The turn to religion in Early Modern English studies

Criticism, Wntr, 2004 by Ken Jackson, Arthur F. Marotti

In one sense, Shuger and others pointed out that if we were going to address the alterity of the Renaissance, we would have to fully address religion. But Renaissance religion resists our alterity criticism and thereby reveals the aporetic, philosophical problems hardwired into New Historicism and its organizing respect for alterity, its desire to "speak with the dead." Somewhat paradoxically, the resistance Renaissance religion poses to alterity criticism has spurred, rather than slowed, our historicizing of religion, pushing us, tempting us, it seems, to realize the aporias of our own methodology.

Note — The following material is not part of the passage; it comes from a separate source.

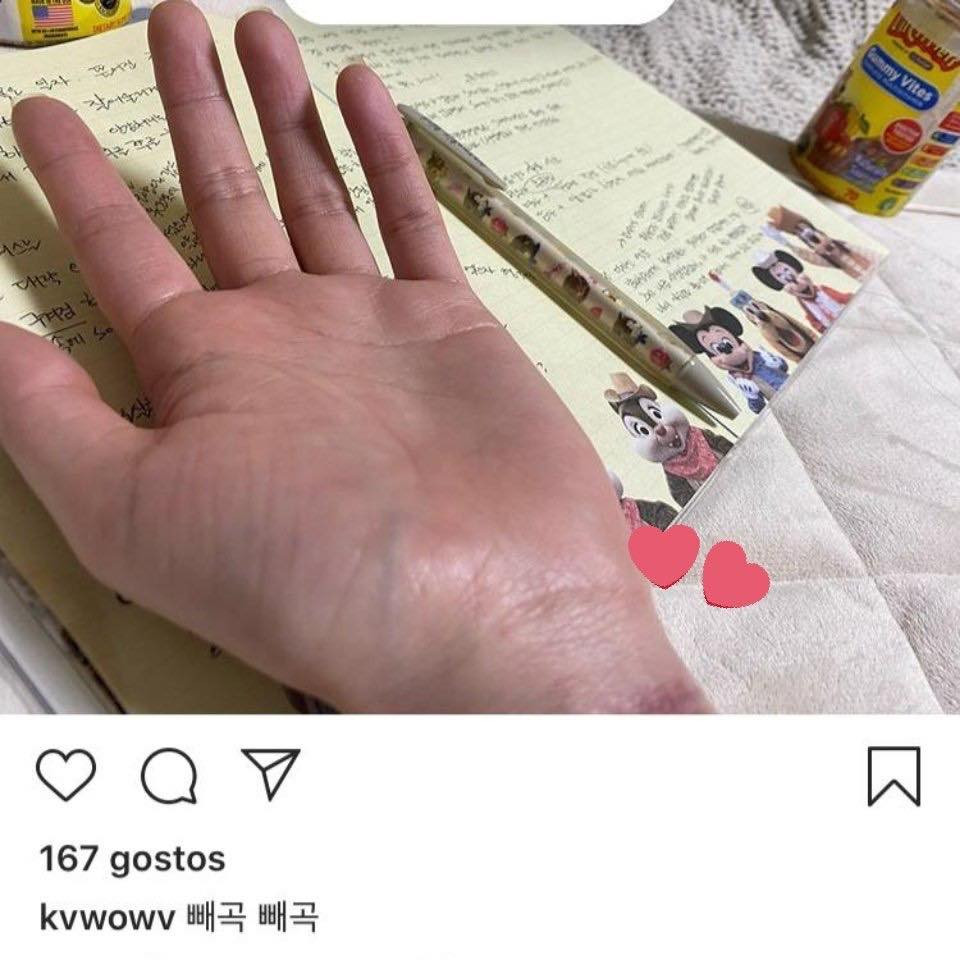 Mina (cựu thành viên AOA) đăng ảnh cổ tay hằn vết sẹo khiến fan hoang mang ảnh 3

Consequently, the methodology that sought to respect the difference of a distant past actually reveals our proximity to the early modern world, narrowing the gap between the secular and the sacred. Here it might be helpful to return again briefly to Levinas. If Derrida in part derives his understanding of alterity from Levinas, we need to keep in mind that Levinas derives his understanding of alterity from Descartes's very Catholic, Christian notion of the infinite. Descartes, Levinas writes in Totality and Infinity, discovered "a relation with a total alterity irreducible to interiority, which nevertheless does not do violence to interiority--a receptivity without passivity, a relation between freedoms." (57) Descartes's idea of the infinite, in other words, provides a model for Levinas's absolutely "other" outside the thought of the subject. Robert Bernasconi and Simon Critchley point out that Levinas's idea of "the ethical relation to the other has a formal reseinblance to the relation, in Descartes's Third Meditation, between the res cogitans and infinity of God. What interests Levinas in this moment of Descartes's argument is that the human subject has an idea of infinity, and this idea, by definition, is a thought that contains more than can be thought." (58) The more secular advocates of Levinas, who fear his work will be tainted with "religiosity," stress that this is merely a "formal relation" and that Levinas "transforms" Descartes's understanding of the infinite as God--that is, "substitutes" the other for God. But Derrida, at least, still has troubling and intriguing questions about the nature of this "transformation" and "substitution" that we should attend to more carefully. Derrida reminds us that our desire for the other may not be that distinguishable from the early modern world's desire for the "other." In other words, the turn to religion--in critical theory and in the hyper-historicizing of early modern literary studies--suggests that we may still be more "religious" than we wish to be--even in our most secular of critical methodologies.

Julia Reinhard Lupton has been particularly astute in addressing the "religion" of our critical methodology. For example, she has become increasingly persuasive in cautioning against the tendency to extract religion from our critical discussion, pointing particularly to our "multicultural humanist" habit of viewing the "Christian" or "Jewish" world as "'cultures." This late-twentieth-century tendency arose in part, Lupton points out, to avoid the universalizing impulses of Christian humanism and its most immediate descendant, secular liberalism. For example, criticism steeped in secular liberalism often reads Shakespeare's The Merchant of Venice as a piece of irony, its anti-Semitism only a superficial facade that actually demonstrates the flaws of the Christians in the play. This kind of criticism, in other words, has the seemingly unassailable agenda of obliterating differences between Christian and Jew. Lupton reminds us, however, that obliterating differences in this way reinvigorates a certain Pauline universalism (Galatians 3:16) and reveals the "religious" roots of our critical methodology.